Nauka żywego języka daje poczucie postępu: zaczynasz widzieć, że naprawdę możesz się dogadać.
Kursy językowe – bo czasem potrzebujesz struktury i wsparcia
Samodzielna nauka to świetna sprawa, ale jeśli chcesz iść szybciej i usystematyzować wiedzę warto mieć wsparcie.
- Zajęcia online dają elastyczność – możesz uczyć się z każdego miejsca.
- Kontakt z lektorami i native speakerami pozwala oswoić się z różnymi akcentami i stylami mówienia.
- W grupie łatwiej o motywację – zwłaszcza, gdy pojawiają się lepsze i gorsze dni.
W English Break uczysz się z polskimi lektorami i nativami z całego świata – w luźnej, wspierającej atmosferze. To dobra opcja, jeśli chcesz nie tylko mówić, ale i myśleć w języku obcym.
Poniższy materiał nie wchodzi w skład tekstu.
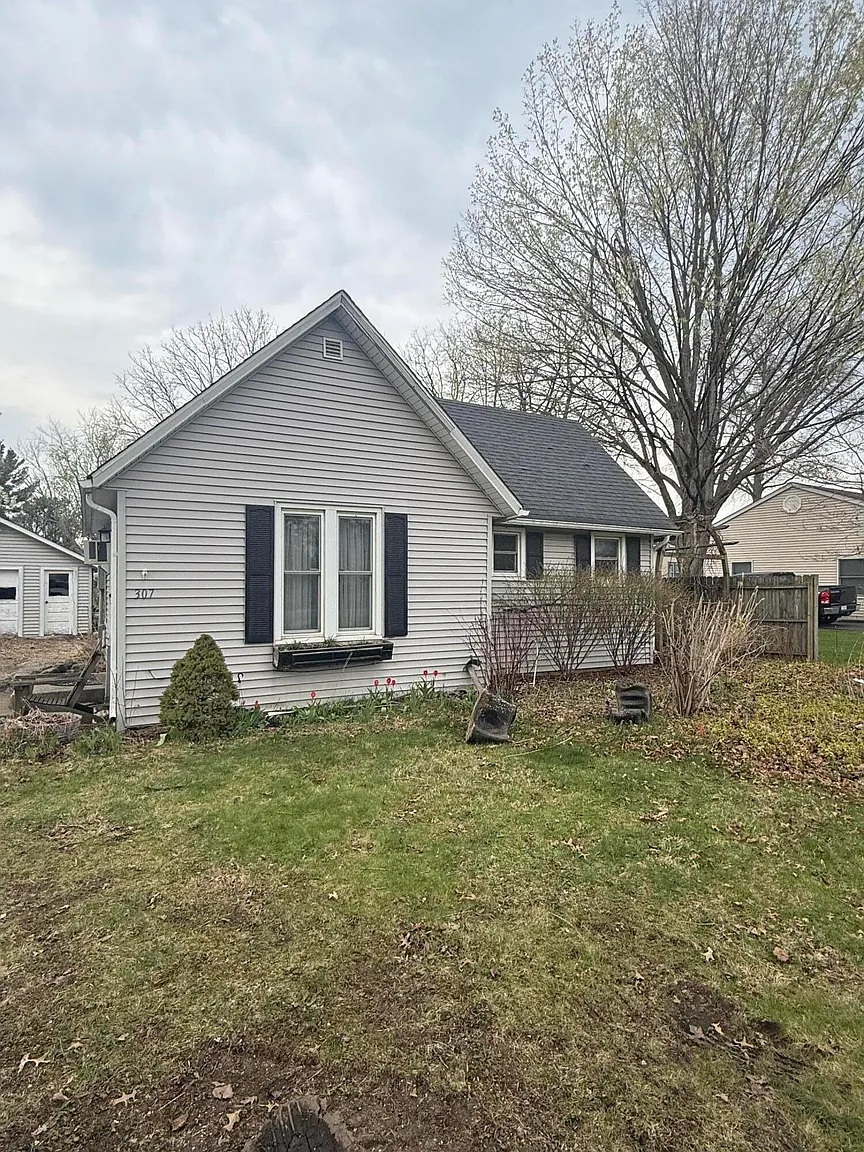 307 E McKinley St photo 1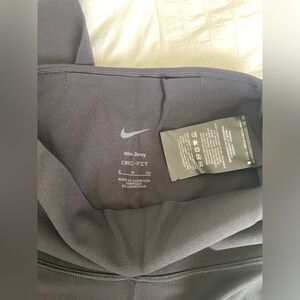 Nike Zenvy Leggings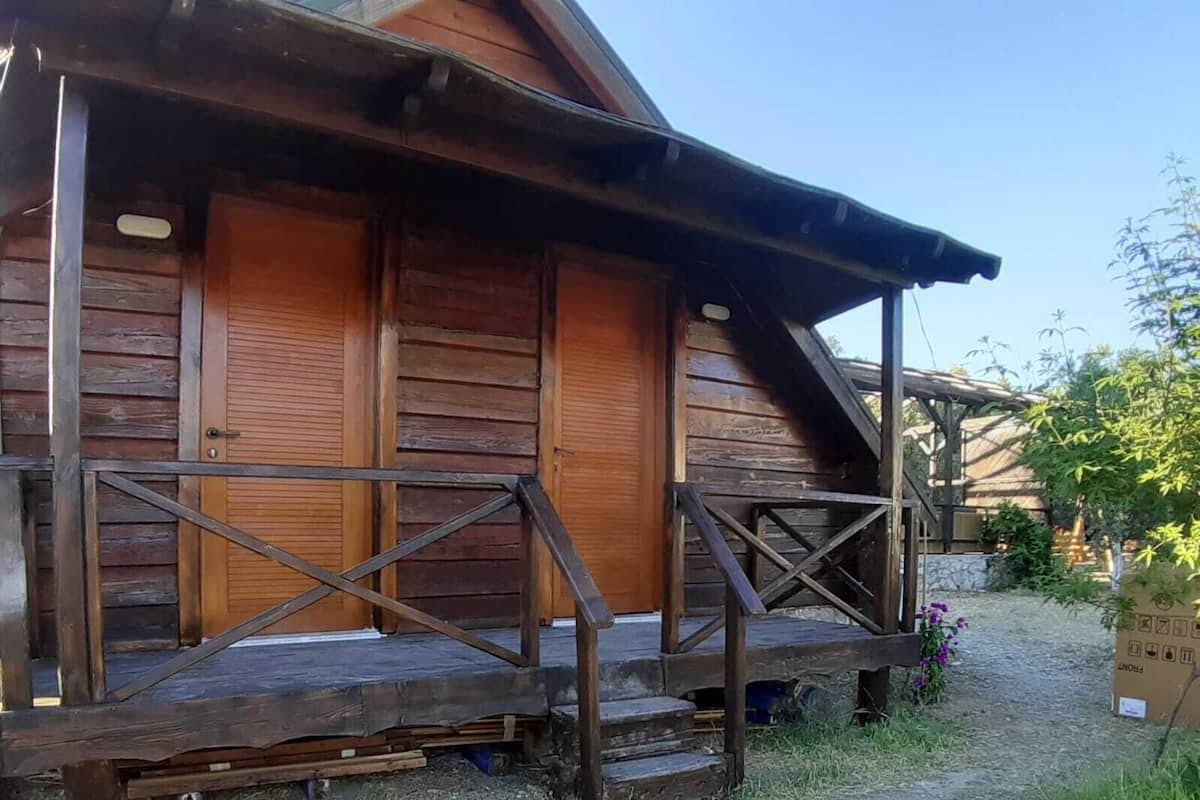Economy Bungalow, 1 Bedroom | 1 bedroom, bed sheets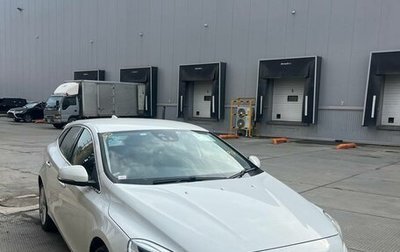 Volvo V40 II рестайлинг, 2017 год, 1 850 000 рублей, 1 фотография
Z naszą nową ofertą to jeszcze prostsze:
Na koniec proponujemy mały eksperyment
Spróbuj przez najbliższe 5 dni:
- przeczytać codziennie choć jeden akapit w języku, którego się uczysz,
- powiedzieć na głos trzy zdania rano i trzy wieczorem,
- znaleźć jedno nowe słowo i naprawdę je zapamiętać.
To tylko kilka minut dziennie, ale w efekcie poczujesz różnicę i to znacznie szybciej, niż myślisz.
Tworząc naszą Szkołę i nasze kursy chcieliśmy pokazać przede wszystkim, że nauka języka to nie jest cel sam w sobie. To narzędzie do spełniania marzeń: zawodowych, osobistych, podróżniczych. Zachęcamy: szlifuj je codziennie. Potraktuj to jako paszport do świata, który już masz w swojej głowie: aktywuj go i korzystaj do woli!